Once I had ripped the waste off, I rotated the slab (with assistance from my ever-helpful slab moving team) so that the freshly cut edge was facing up, and the slab was resting on the saw benches (in the same position as when I worked the front edge). The rear edge is not bang on perpendicular to the underside of the slab, nor is it dead nuts straight. But it is within perfectly acceptable tolerances for this surface. I spent a few minutes cleaning up the area where the rear legs are situated with a jack plane, so that these are perpendicular to the underside, as this will make for an easier layout when cutting the leg joinery (the next stage of the build).


Tuning the area where the leg joinery will be cut

The slab is now ready for the leg joinery to be cut, which means that we will be moving it back into storage while I cut the double tenon on the legs. The build is continuing to progress smoothly, and I am aiming to assemble the bench shortly after I get back from teaching at the Lost Art Press storefront in September.


The slab is processed on all surfaces save for the top, which will happen once the bench is assembled.

Roubo Is Coming… Part 11

So far every step of the Roubo build has been spent on processes which directly contribute to the structural integrity of the bench, or which affect its usability. And it has all been great fun. Sometimes though it is nice to do some work that has no bearing on how a project functions, and is purely about decoration. So, while the slab was in the right position, and the weather made for a nice evening in the ‘shop, this week I inlayed the plaque that Jenny Bower engraved for the bench. This was really enjoyable work – most of my inlay experience is for irregular, and much smaller, shaped pieces for guitar inlay. The large and regular sized of the plaque was a nice change of scale, although the processes are very much the same.

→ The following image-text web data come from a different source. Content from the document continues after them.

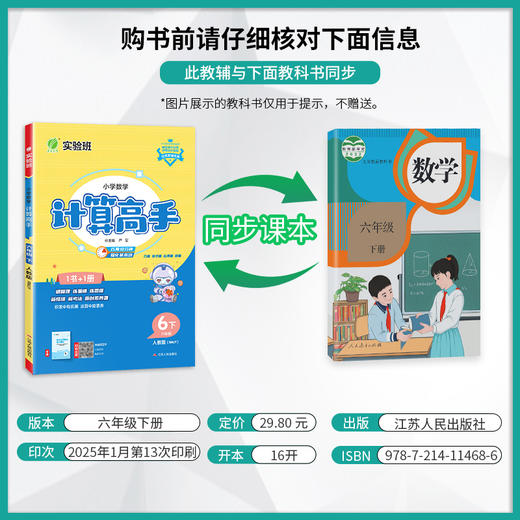 2025年春【人教版】1~6年级下 计算高手 小学数学 商品图1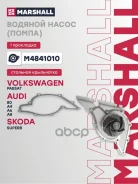 ����� ������� Audi A4 (B5) 94-, Audi A6 (C4, C5) 94- Marshall ���. M4841010 M4841010 ����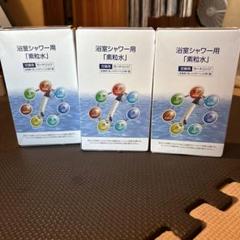 フリーサイエンスカートリッジ付 株式会社フリーサイエンス 商品カタログ＊ワンウォーターECO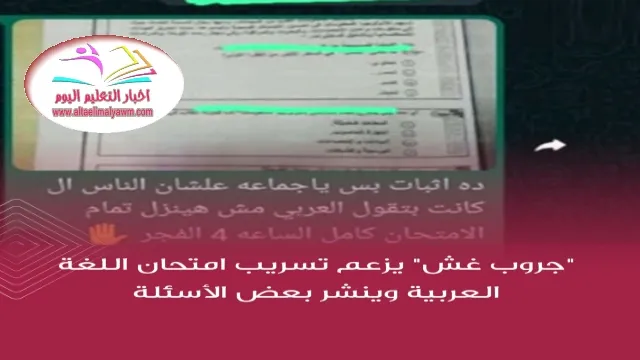 جروب غش  :  يزعم تسريب امتحان اللغة العربية ..  وينشر بعض الأسئلة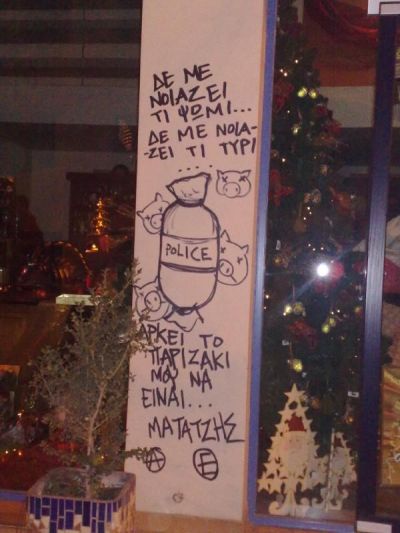 Click για να την δείτε σε μεγάλο μέγεθος
==============
Αρκεί το παριζάκι μου..
να είναι ΜΑΤατζής!
Αμα έχεις ταλέντο στο σκίτσο με μαρκαδόρο, άδειο τοίχο και πολύ χρόνο..
Κάνεις Θαύματα!
Click για να την δείτε σε μεγάλο μέγεθος
==============
Αρκεί το παριζάκι μου..
να είναι ΜΑΤατζής!
Αμα έχεις ταλέντο στο σκίτσο με μαρκαδόρο, άδειο τοίχο και πολύ χρόνο..
Κάνεις Θαύματα!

When I originally commissioned Jenny to engrave the plaque, my intention was to inlay it in the vise chop, where it would be prominently displayed. While that is still a good location, it did occur to me that the vise chop could conceivably be separated to the bench in decades time. So I decided instead to inlay the plaque to the face edge of the slab top, to the left hand end of the bench where it would be seen every time I entered the shop.

Having determined the final location, I placed the plaque on the slab and traced round it with a marking knife, using several passes and light pressure to cut a clean line without pushing the plaque out of position. Crisp inlay requires a clean edge to the recess, and I like to deepen my layout lines with a wide chisel (in this instance a 2″ butt chisel) and a sharp rap from a mallet. I then pared a shallow tough into the layout line, using the same chisel, and working from the waste side outwards. This is similar to preparing a “first class cut” for joinery, and helps to prevent any cutting tools straying over the edge of the inlay recess.

With the edge of the recess cleanly established, excavating the recess was easily done with a large router plane, working down the depth incrementally until the plaque was sitting just a hair below the surface. The corners of the recess were a little tight for the large router plane to reach, but a No271 router plane with a spear-tip blade reached into those with little trouble (collecting the unusual blades for this tool does occasionally pay off, even if 95% of the work is with the standard square tip blade!).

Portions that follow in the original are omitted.